Would you output the entries below only from the line containing "Thumbnail 2 in" through the line containing "Shrushti &amp; Kunal’s", exactly as they stand and with both ends included?

**Provided information**
=== Section Start ===

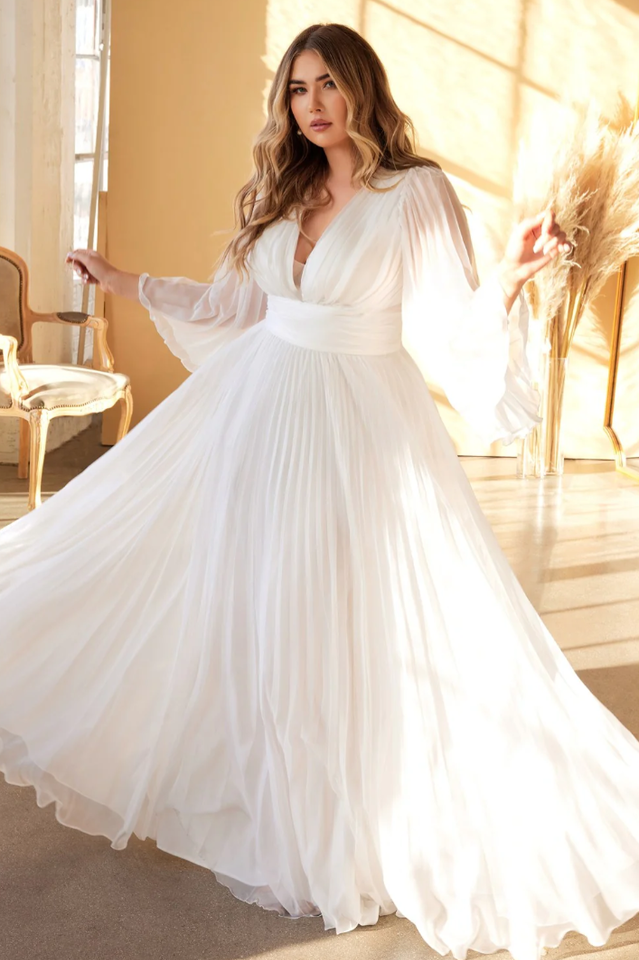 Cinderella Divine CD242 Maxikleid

=== Section End ===
=== Section Start ===

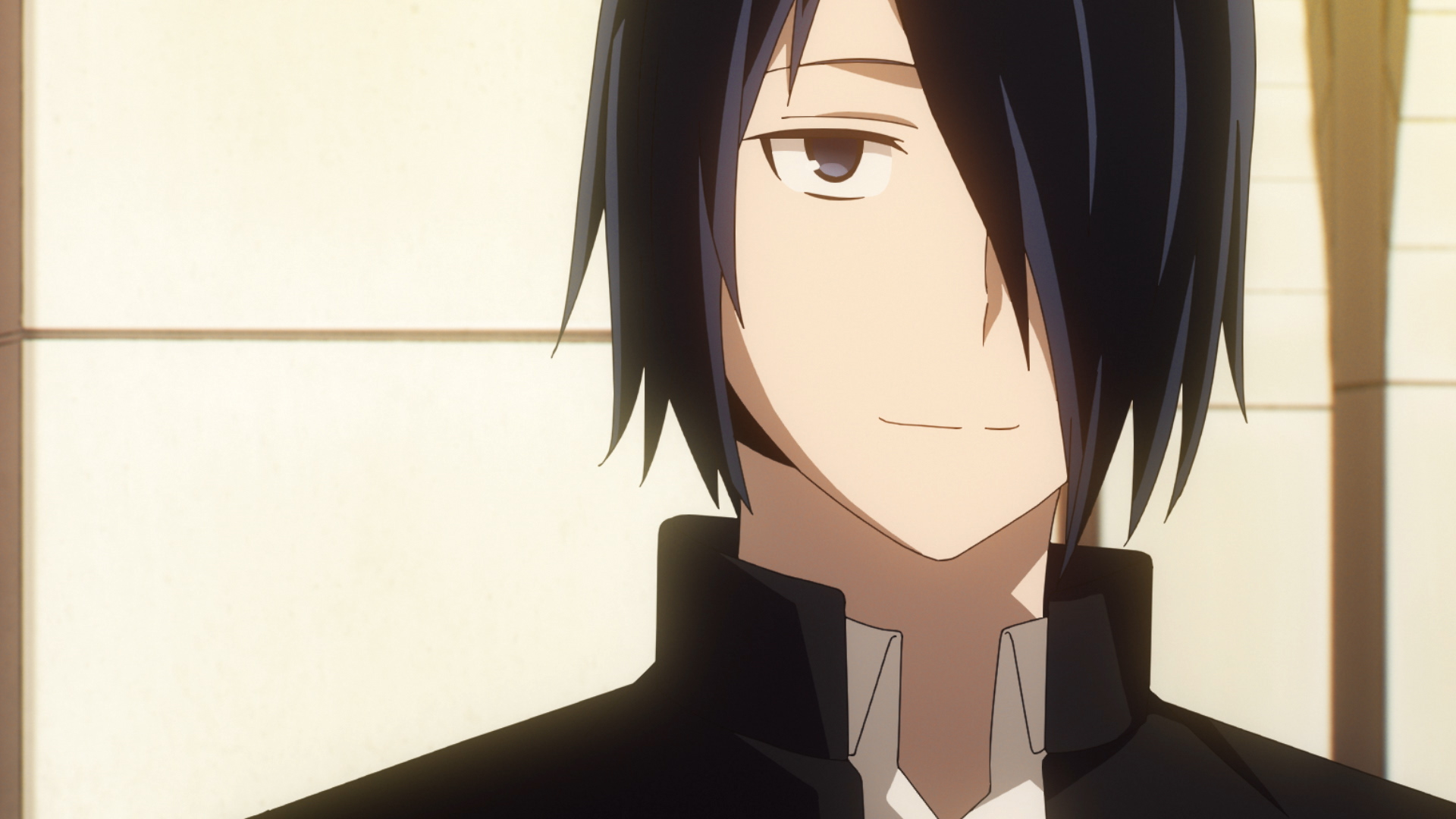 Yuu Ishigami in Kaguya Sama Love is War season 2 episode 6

=== Section End ===
=== Section Start ===

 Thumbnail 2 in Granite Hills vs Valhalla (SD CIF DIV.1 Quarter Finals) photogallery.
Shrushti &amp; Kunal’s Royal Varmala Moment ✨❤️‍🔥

=== Section End ===

**Answer space**
 Thumbnail 2 in Granite Hills vs Valhalla (SD CIF DIV.1 Quarter Finals) photogallery.
Shrushti &amp; Kunal’s Royal Varmala Moment ✨❤️‍🔥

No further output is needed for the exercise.